Assignment =>
Beginning with the line below that contains "Rooms in Pescara - photo 5" and ending with the line that contains "42 Đời Tổng", retype every line exactly. Pictures are not copied.

Study material =>

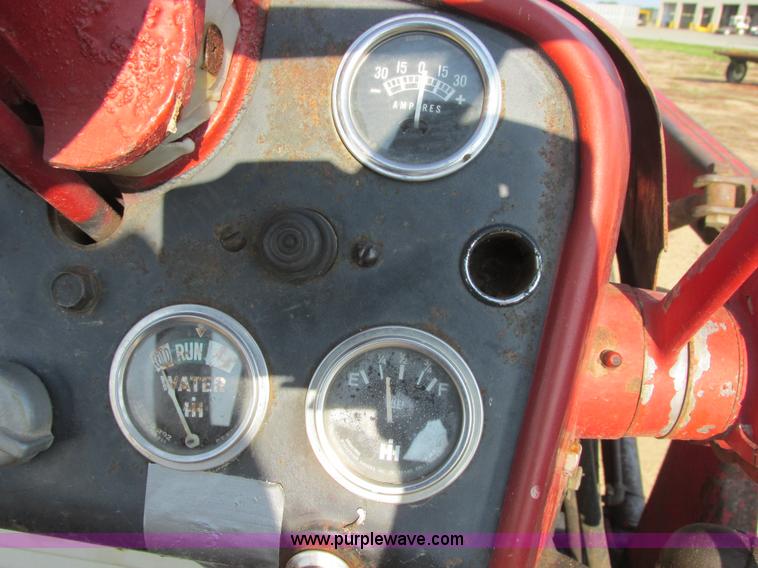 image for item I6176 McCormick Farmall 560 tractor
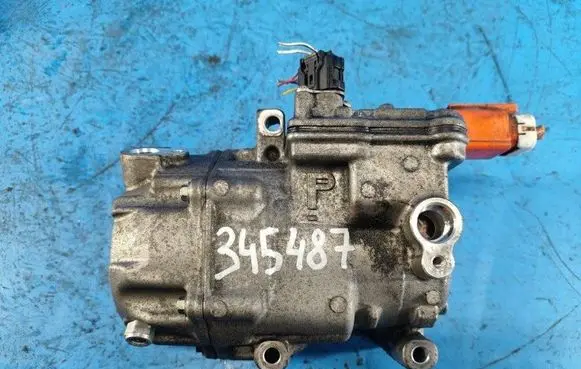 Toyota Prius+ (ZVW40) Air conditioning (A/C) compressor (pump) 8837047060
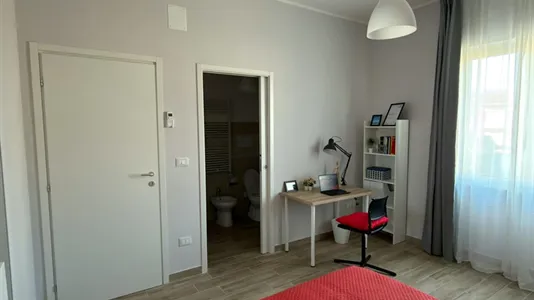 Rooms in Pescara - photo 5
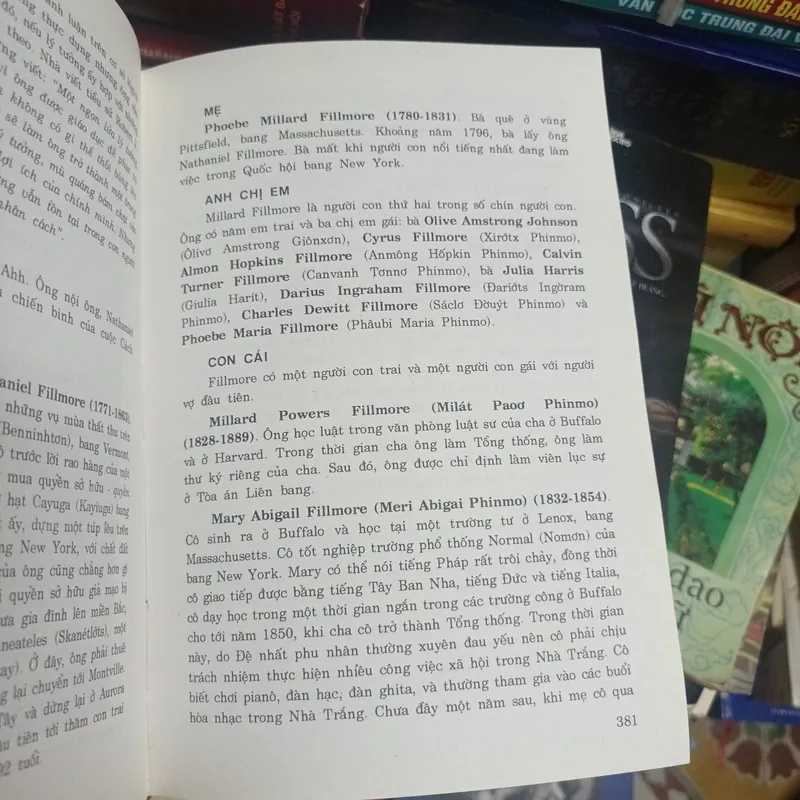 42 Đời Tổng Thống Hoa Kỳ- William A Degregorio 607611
==
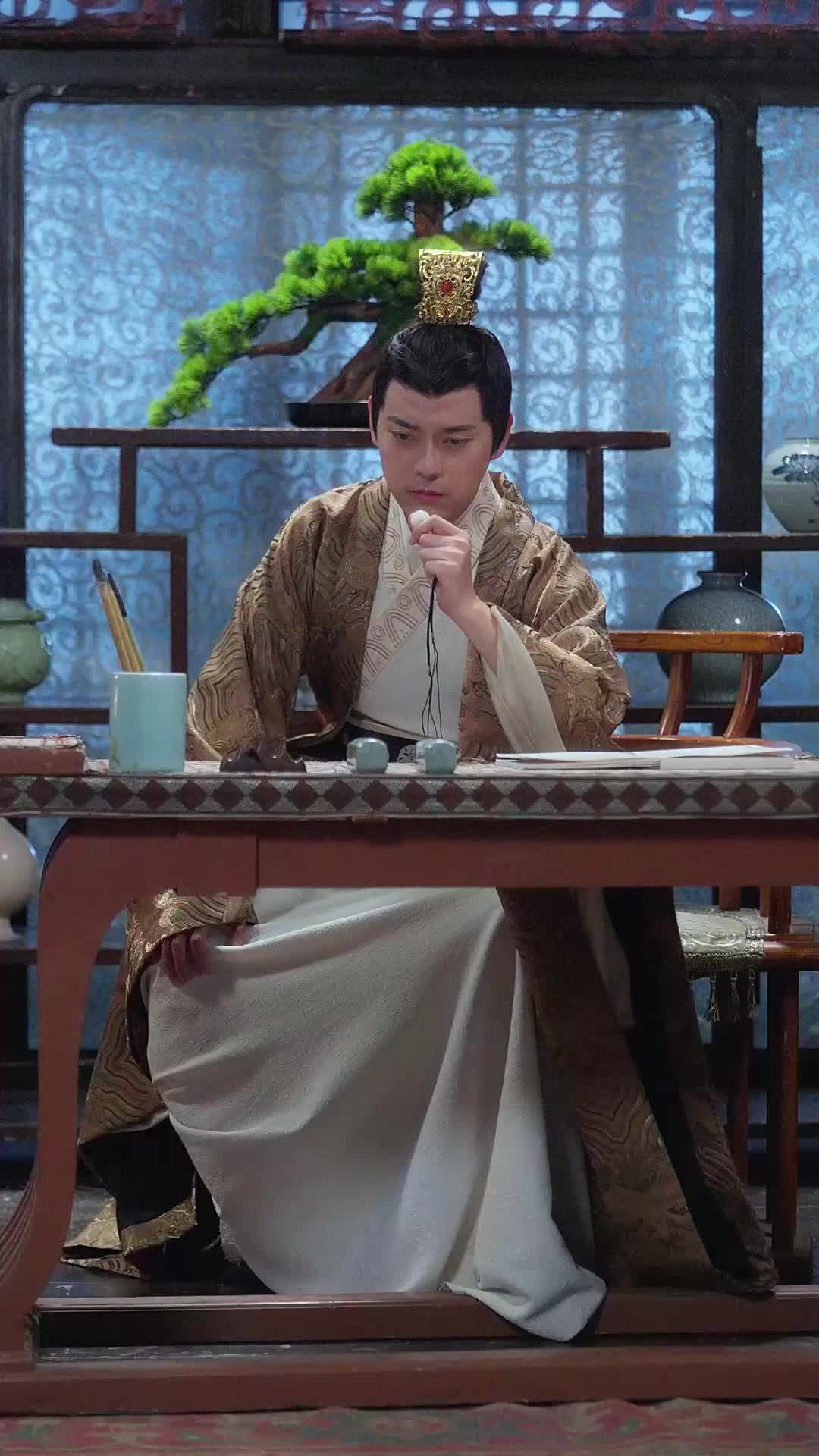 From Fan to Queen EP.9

Finished task =>
 Rooms in Pescara - photo 5
 42 Đời Tổng Thống Hoa Kỳ- William A Degregorio 607611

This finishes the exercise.